Atrial flutter and atrial fibrillation


Synonyms in the broadest sense

  • Tachycardia absoluta
  • Tachyarrhythmia absolutely
  • Racing heart
  • Heart pounding

definition

Atrial fibrillation and flutter are diseases of the atria of the heart

Atrial flutter or fibrillation is a temporary (intermittent or paroxymal) or permanent (permanent) Cardiac arrhythmia with disordered activity of the auricles.
With atrial flutter, the atria contract with frequencies of over 250-350 beats per minute. With atrial fibrillation frequencies of 350 to 600 beats per minute are reached.

4% of those over 60 have Atrial fibrillation. Atrial fibrillation with Tachyarrhythmia absoluta is the most common form of supraventricular Tachycardias. The atria carry out chaotic actions where that blood is no longer effectively pumped into the chambers. thanks to the Filtering ability of the AV node only some of the electrical potentials that come from the atrium are transferred to the ventricle, so that the ventricles contract quickly, but there is no ventricular flutter. However, the transition of the potentials is absolute arrhythmic, therefore one speaks of a tachycardia absoluta.

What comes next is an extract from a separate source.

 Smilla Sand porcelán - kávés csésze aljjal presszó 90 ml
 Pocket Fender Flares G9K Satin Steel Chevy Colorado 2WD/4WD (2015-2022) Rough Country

So the atrial flutter / fibrillation is one Disease of the atria, but also affects the ventricles. Long-standing atrial flutter / fibrillation is compatible with life, even if it involves risks.

Symptoms of atrial flutter

Symptoms of atrial flutter and atrial fibrillation occur mainly in the paroxymal (seizure) forms and are strongly dependent on the frequency that is transferred to the ventricles. The affected person feels dizzy, palpitations and palpitations. Patients feel the heart jump or bounce, describe that something is wrong with the heart. Since the unusual beating behavior of the heart often leads to anxiety, most patients also have anxiety or pressure on the chest.

In the case of severe tachyarrhythmia, physical performance can also be restricted, including breathlessness and the accompanying feeling of fear. In addition, polyuria (increased urine volume) occur. A pulse deficit can also be determined; that is, individual heart actions that can be heard with the stethoscope on the heart do not lead to a pulse beat.

In many cases, however, atrial flutter does not trigger any noticeable symptoms.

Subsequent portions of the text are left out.